Un point important : une création de 20 m² de surface de plancher ne correspond pas nécessairement à 20 m² de surface habitable. Les deux mesures suivent des règles proches mais distinctes. Quand on planifie une extension ou un aménagement de combles, c’est la surface de plancher créée qui compte pour l’administration, pas la surface habitable.

Lors d’un achat, ce qu’il faut vérifier

Pour un appartement en copropriété, la surface Carrez est contractuellement engagée et vérifiable. Pour une maison, la situation est moins encadrée.
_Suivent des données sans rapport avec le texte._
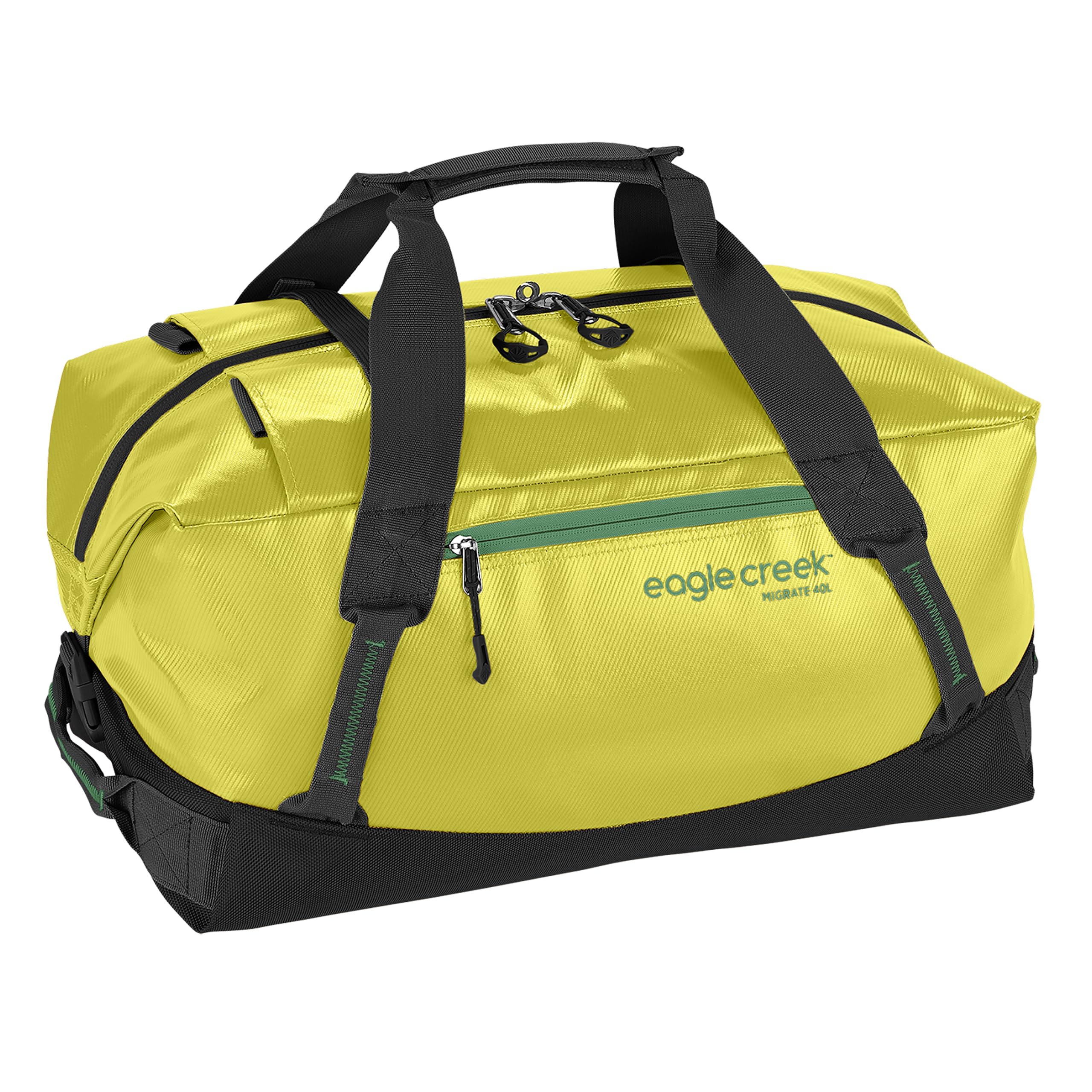 Migrate 40L Duffel Bag, Electric Yellow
La surface annoncée dans une annonce immobilière peut correspondre à la surface habitable, à la surface de plancher, ou à une estimation approximative du vendeur. Des écarts importants sont possibles, notamment dans les biens anciens avec des pièces atypiques, des parties sous combles ou des niveaux partiels.

Avant d’acheter un bien avec l’intention de le rénover, il est utile de confronter la surface annoncée à la réalité observée sur place. Évaluer les travaux avant d’acheter une maison à rénover passe aussi par cette lecture concrète du logement tel qu’il est, pas tel qu’il est décrit.

Si des diagnostics ont été réalisés en vue de la vente, certains mentionnent la surface habitable ou apportent des informations utiles sur la configuration des pièces. La liste des diagnostics obligatoires à la vente permet de savoir ce que le dossier vendeur doit contenir.

Pour un projet qui modifie des espaces existants ou en crée de nouveaux, identifier quelle mesure de surface sera concernée, selon que l’enjeu est fiscal, locatif ou administratif, fait partie des vérifications utiles à faire avant de commencer.